Question. Were the troops under the fire of the enemy at that moment?
Answer. They were. Musketry shot came in that struck near where I was, and must have come to him who was farther in front than I was.
Question. When did General McCook leave the field?
Answer. After being driven from this position, the general fell back with the others until out of fire, and there stopped and appeared to be listening to the sound of the musketry and artillery. He went on again, till we reached an eminence, where we met some of General Rosecrans' staff, and also a guide that I understood to belong to General Rosecrans. He was with General Morton. A heavy cloud of dust could be distinctly seen toward Rossville, this guide stating that a road ran from that point, or near that point, to the road in the other valley, and he believed that the enemy were endeavoring to get on that road with their cavalry to cut off our stragglers.
Question. How long did General McCook remain on this eminence?
Answer. I suppose from ten to fifteen minutes.
Question. Where did he go when he left it?
Answer. He went toward the road leading to Chattanooga.
Question. Did any troops accompany him?
Answer. No; not from this position.
Question. Did he rally any troops, and what became of them?
Answer. A few were rallied but soon broken again by the heavy fire.
Question. Having struck the road to Chattanooga, where did he go?
Answer. To Chattanooga.
Question. At what hour did all this occur?
Answer. Half past 1 or 2, and between half past 4 to 5 he arrived at Chattanooga.
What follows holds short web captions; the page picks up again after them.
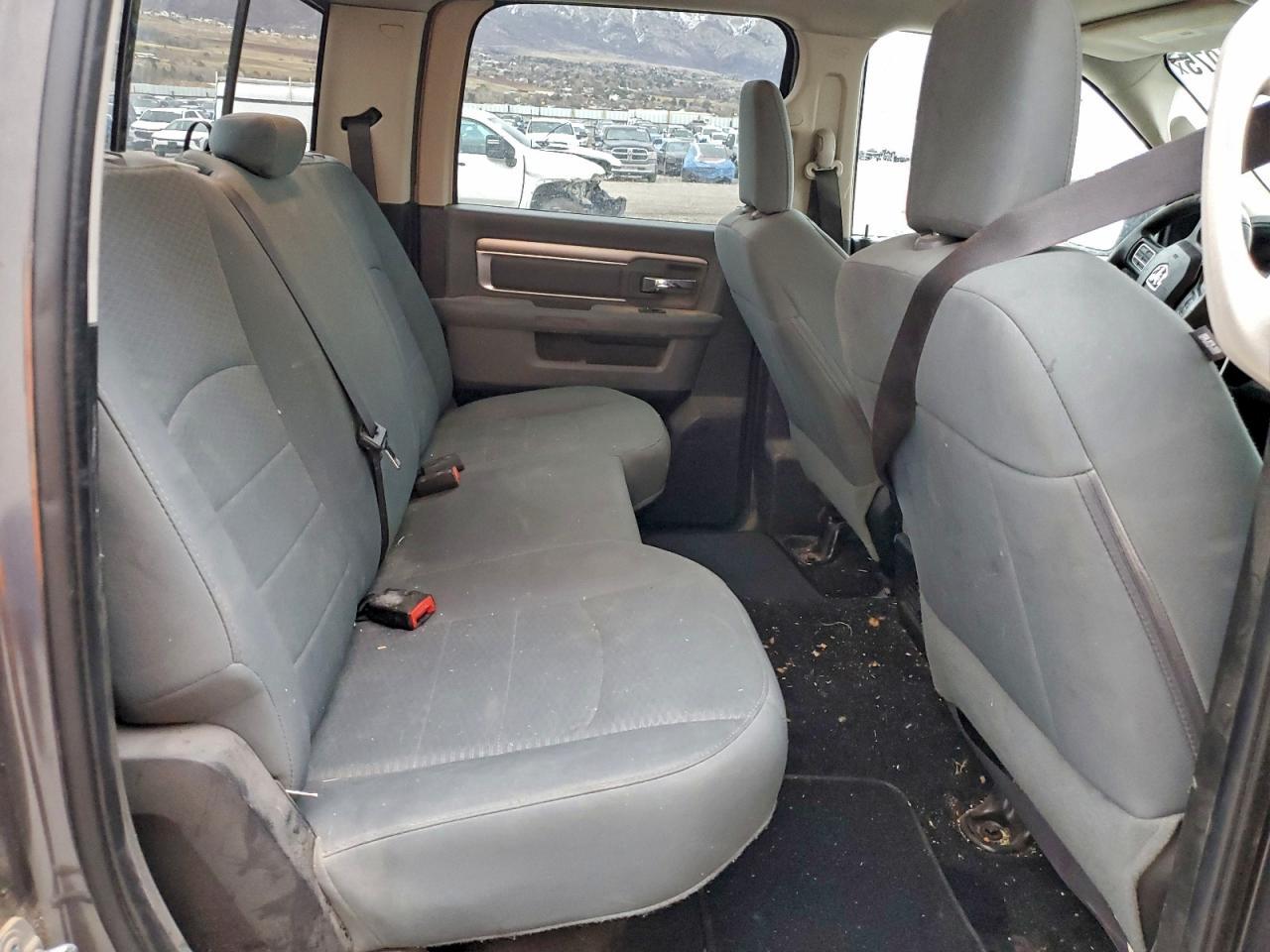 2016 RAM 1500 SLT photo 10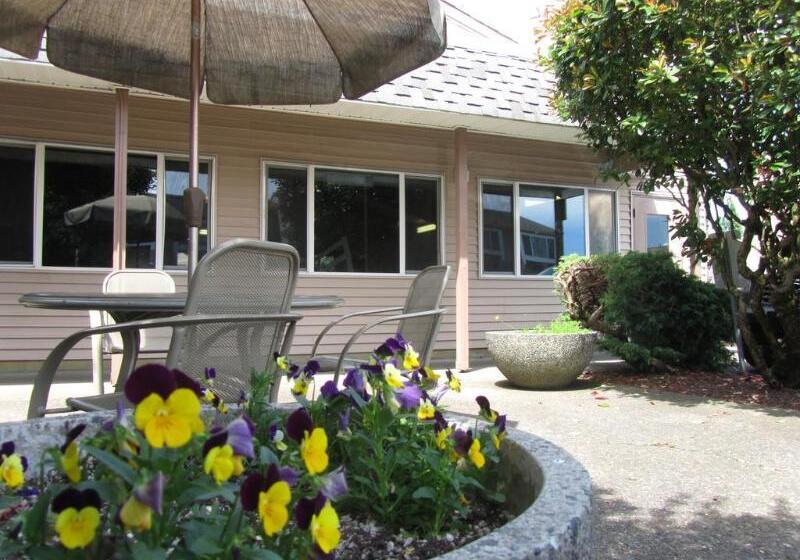 Отель Red Lion Inn & Suites Vancouver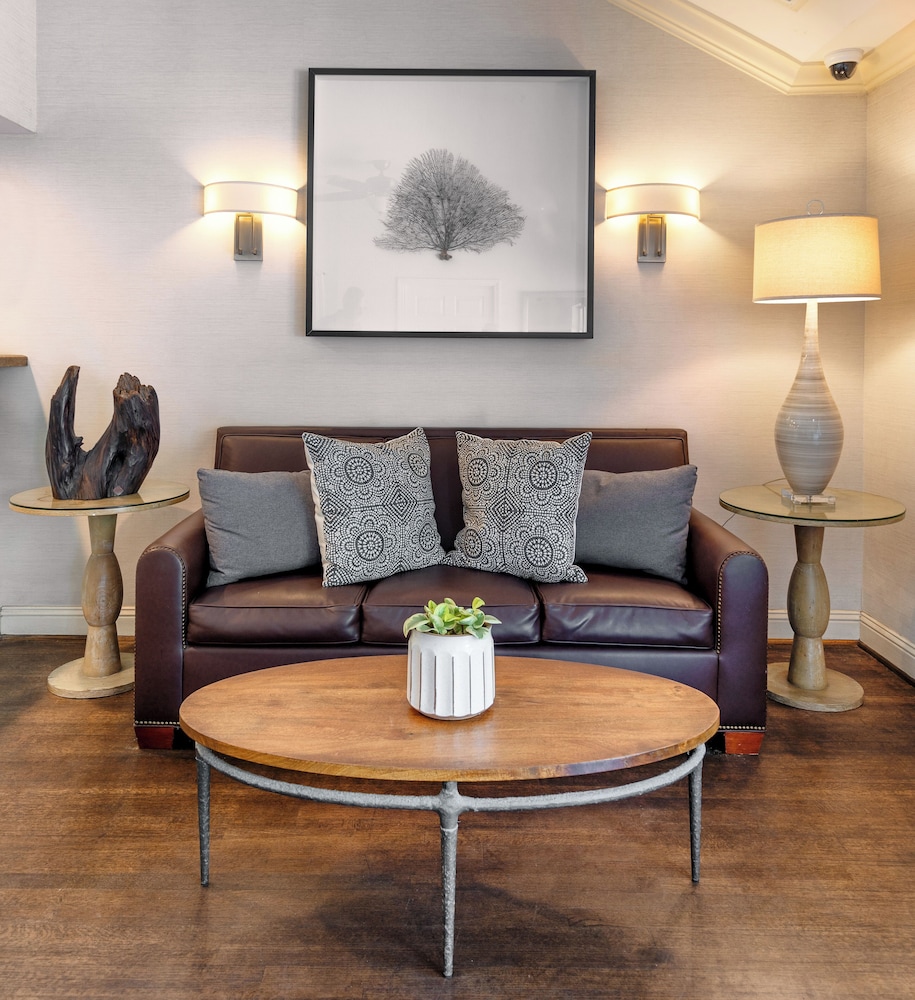 Pelican Inn & Suites - photo 3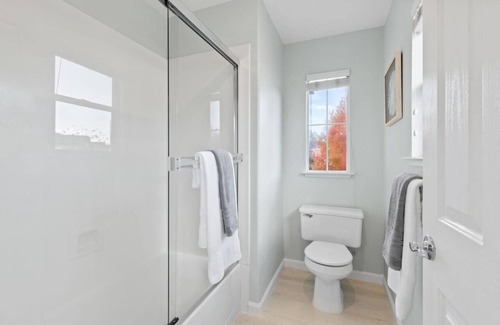 East Palo Alto House | Charming house with WiFi, fitness room, AC in perfect Palo Alto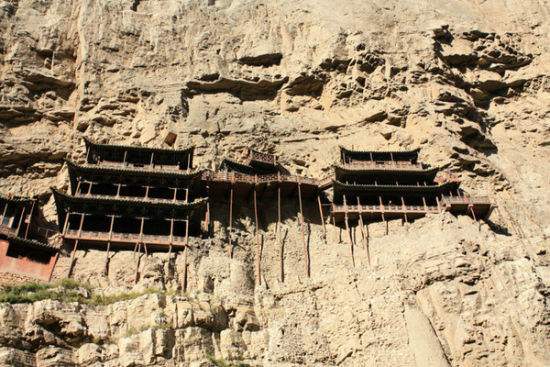 世界十大最奇险的建筑之倒悬空寺，前是悬崖后有峭壁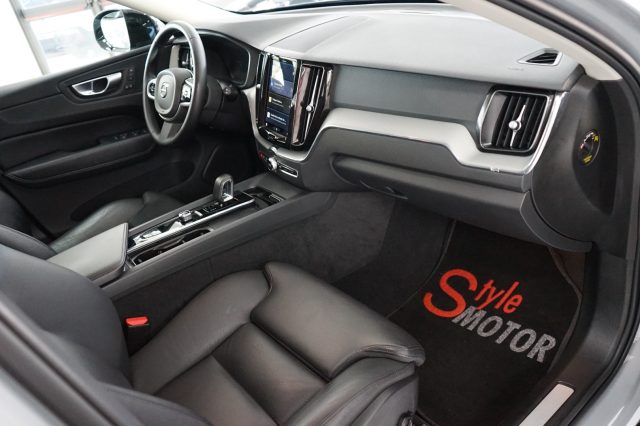 VOLVO XC60 usata, con Sensori di parcheggio posteriori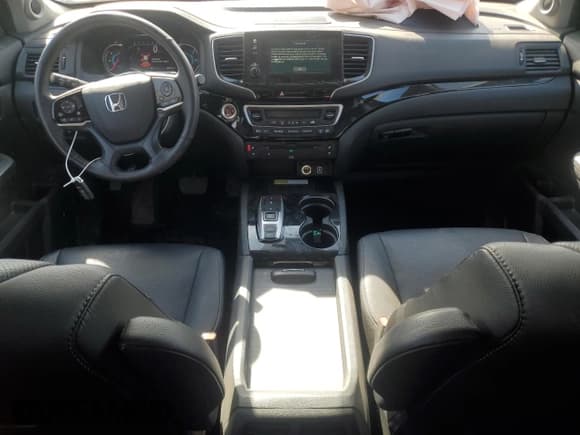 ✅ 2022 Honda Pilot Touring 7-Passenger • VIN: 5FNYF6H61NB504935 • Lot: 51186805. Listed on Copart with 99,373 mi. Free auction sales archive from the USA and detailed vehicle history report at DreamBid. Image 8.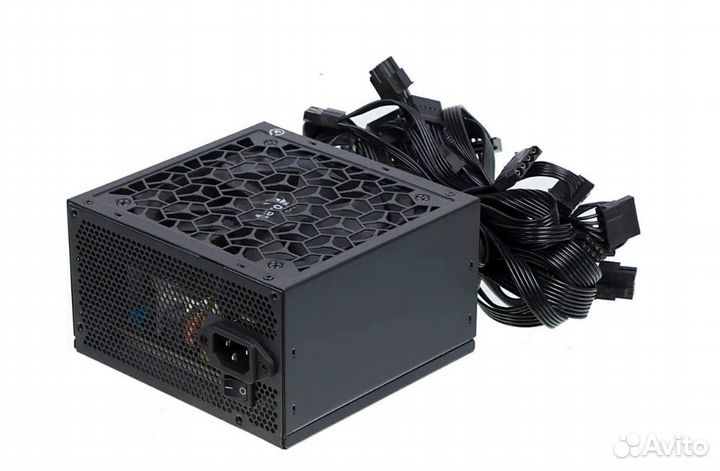 Блок питания AeroCool aero bronze 750W новый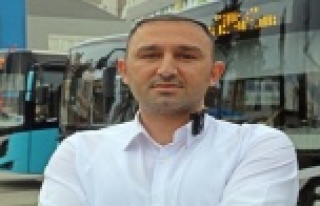 Sokak ortasında dayak yiyen kadını kurtarmak için...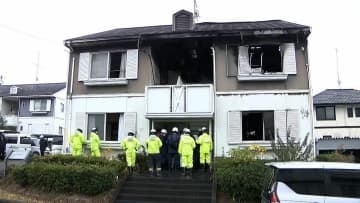 「火が噴出している」未明にアパート1棟を全焼する火事 4人が病院に運ばれる＝浜松市浜名区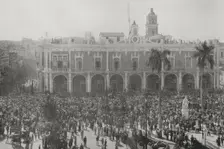 Spanish-American War (1898): patriotic demonstration at the Captaincy General, Havana, Cuba, 1898. Creator: Unknown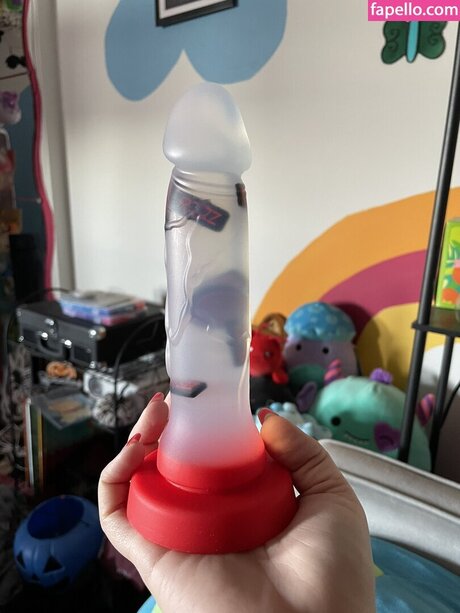 too0ldcat nackt perfekte bilder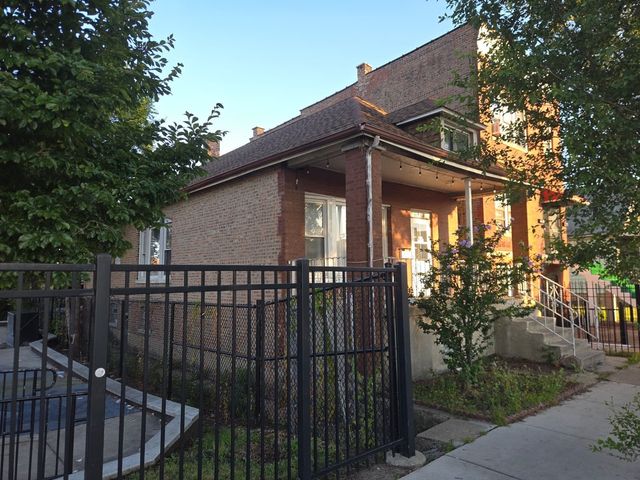 10554 S Avenue L Street, Chicago, IL 60617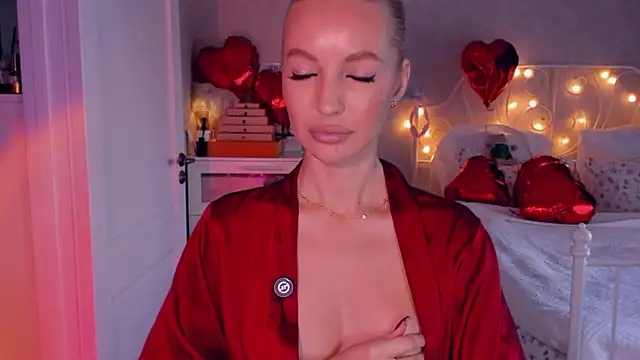 aestetick online show from 02.20.26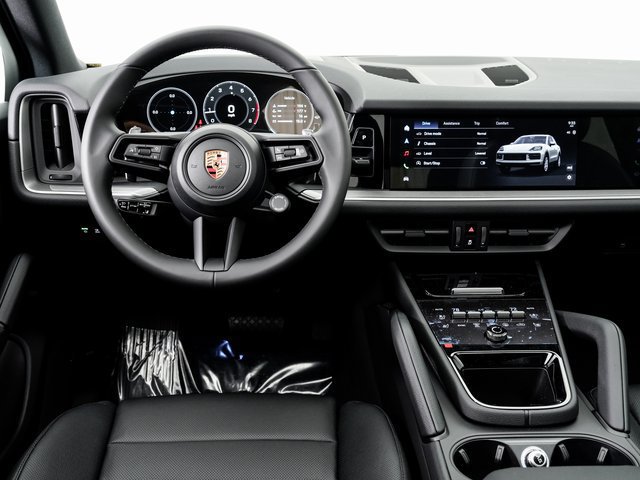 Certified 2026 Porsche Cayenne AWD/4WD image 17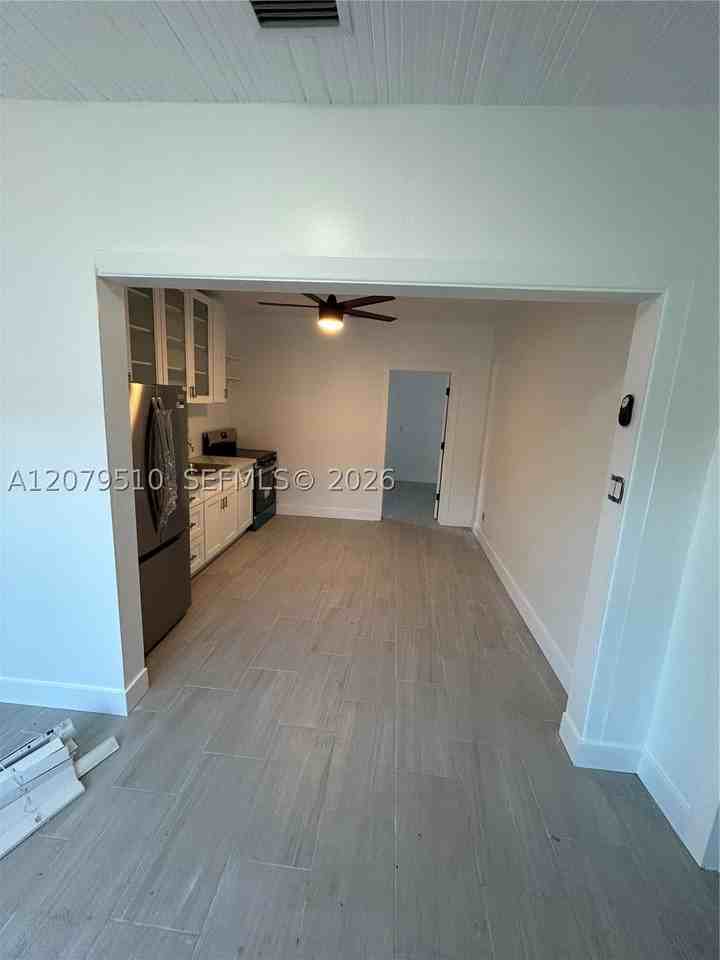 1154 Nw 34th Ave #1 - Photo 2 of 14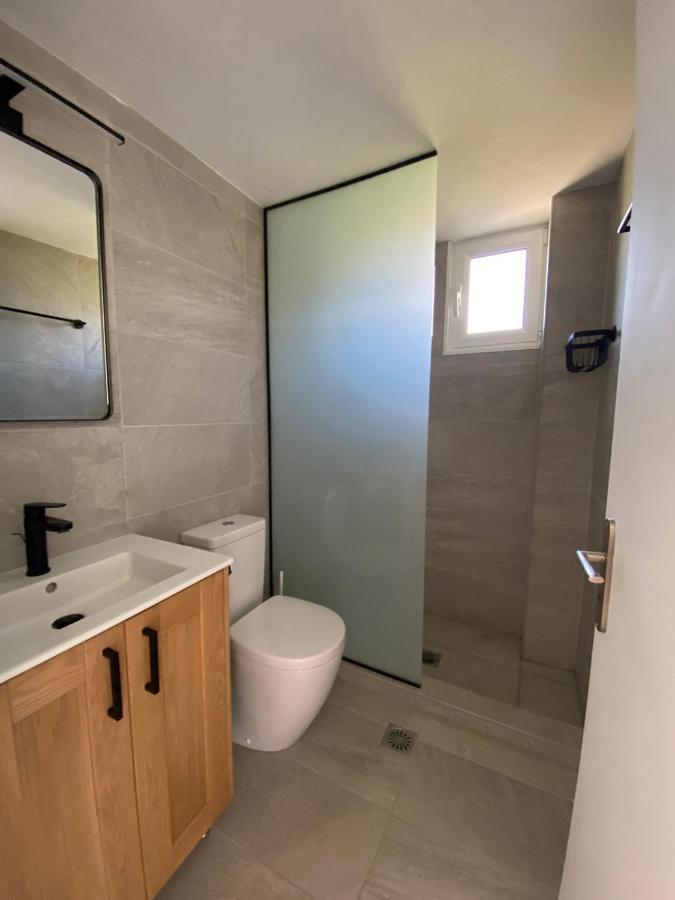 Thassa Beach Apartment No1 Leonidio Bagian luar foto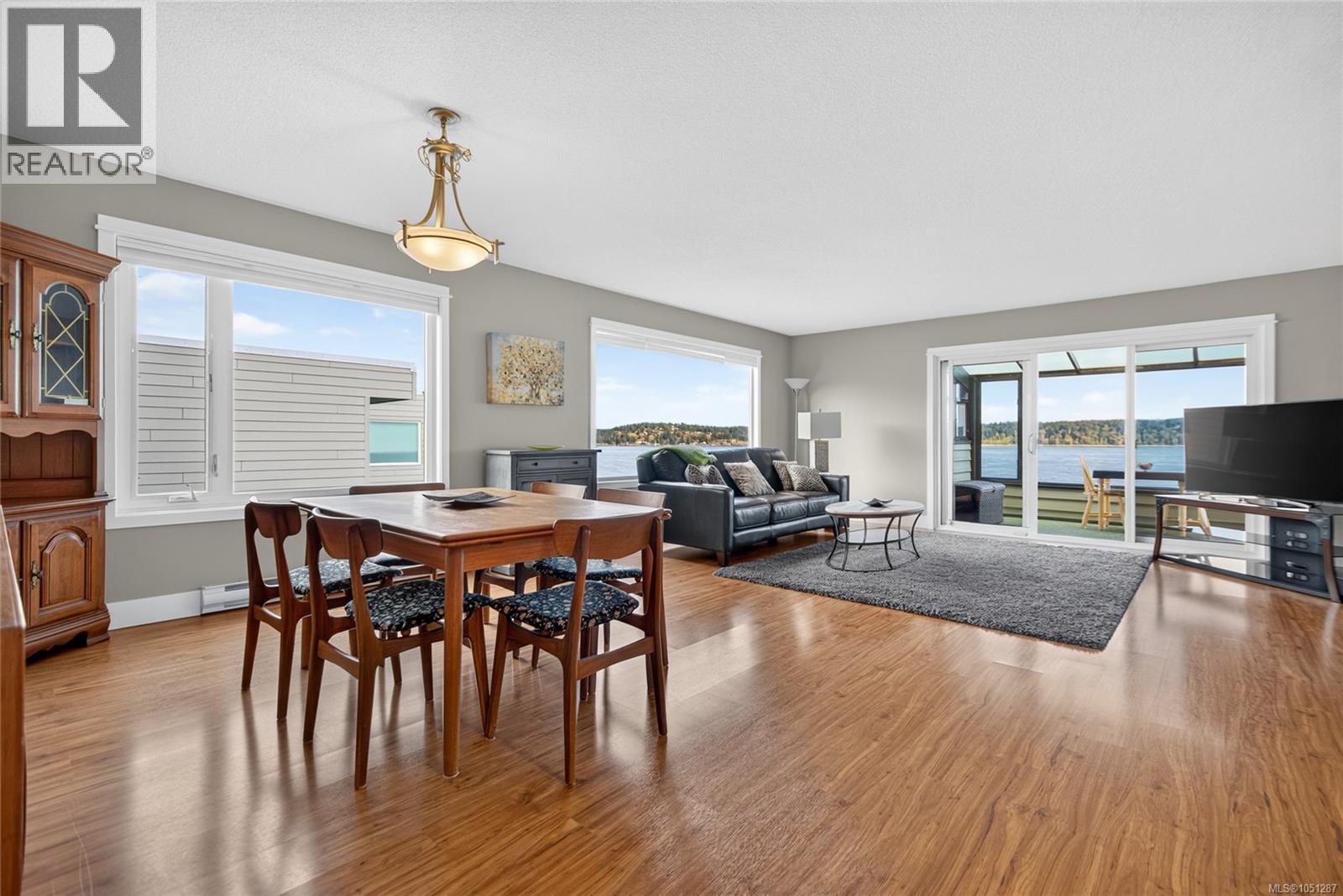 13 523 Island Hwy
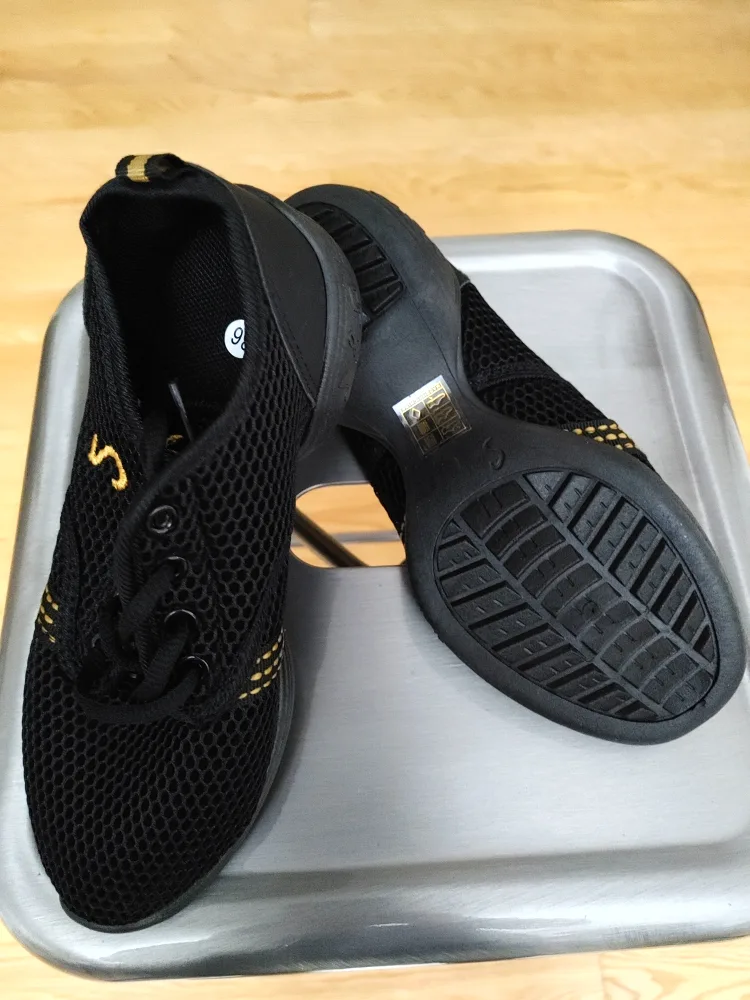 Women black Mesh Sneakers for dancing image indicator(2)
I am not positive as to the time, it is the best I can remember.
Question. You have stated that you returned and found General McCook rallying troops at about half past 11 o'clock. How soon after this did you reach the eminence where you met a staff officer and quide of General Rosecrans?
Answer. I cannot state positively; our movements were slow off the field, making frequent stops. I think in the neighborhood of an hour and two hours.
Question. About how far is it from that eminence to Chattanooga?
Answer. Yes; I think we did. We met, after we left, Captain Sheridan, of General Sheridan's staff, and General McCook told him to tell General Sheridan that he was going to Chattanooga to find General Rosecrans for orders.
Question. What became of those troops which you say were broken? Why did General McCook leave them, and where did they go when he went to Chattanooga?
Answer. The troops were very much scattered, and it seemed almost impossible, if not impossible, to rally them. General McCook bore off toward the left of our line. I think his intention was to go General Thomas' headquarters to find him, and, in bearing in that direction, became separated from the troops that were falling back.